Here’s a snapshot of some of the varieties out and about now seen at RHS Wisley yesterday – and in the months ahead their numbers will surely increase as these stalwart plants have a part to play in the garden (and in deep pots where I grow many) right through until early Spring.
The Harvington Hybrids included in the gallery above have some of the most enchanting colours and forms, especially the ruffled doubles and moodier tones. Their heads may nod on slender stems, but they repay a closer look at their astounding details.

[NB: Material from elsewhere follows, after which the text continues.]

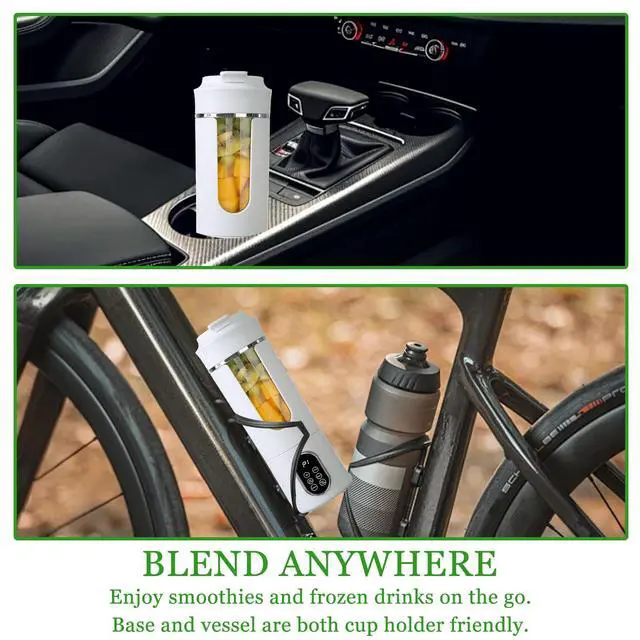 Alt view image 6 of 7 - Upgraded Portable Blender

The Hellebore Gold Collection include pure white hybrids of Hellebore niger, their range of Snow Roses and new Lenten Roses. From their website – https://www.helleborus.de/en/helleborus-gold-collectionr/
Virtually no other plant can compete with the legends and myths that have sprung up around the Christmas Rose (Helleborus niger). It is mentioned in the earliest tales told by man. In Europe, the early Teutons, for example, considered it to be a sacred flower.
In the Middle Ages, people ascribed all sorts of curative properties and magical powers to the plant.
It is native to the European Eastern Limestone Alps and one of the oldest cultivated plants we know.
Christmas Roses in the Helleborus Gold Collection® are fully hardy, low-care and very long-lived evergreen perennials. Withstanding cold spells and snow, the Christmas Rose varieties produce dazzling white flowers all winter long. The gorgeous winter bloomers are perfect for the garden as well as being used as a charming container plant on balconies and terraces. The White Christmas® variety is ideal for floral decorations in living rooms and conservatories.
Snow Roses combine the positive qualities of their parents: the properties of the Christmas Rose and of Mediterranean Helleborus species such as the Corsican (Helleborus argutifolius) and the Balearic or blue-grey hellebore (Helleborus lividus), whose names indicate their provenance.
Their charming appeal and ability to withstand inclement winter weather come from the Christmas Rose. In the summer on the other hand, they benefit from their Mediterranean parents’ ability to cope with the heat and the sun. They do well in any type of soil, and they also thrive in sunny spots.
A newcomer this year is Ice N’ Roses® (Helleborus x glandorfensis), a very special Snow Rose beauty. Its masses of giant vivid red, pink and white blooms create a blaze of colour from December well into April.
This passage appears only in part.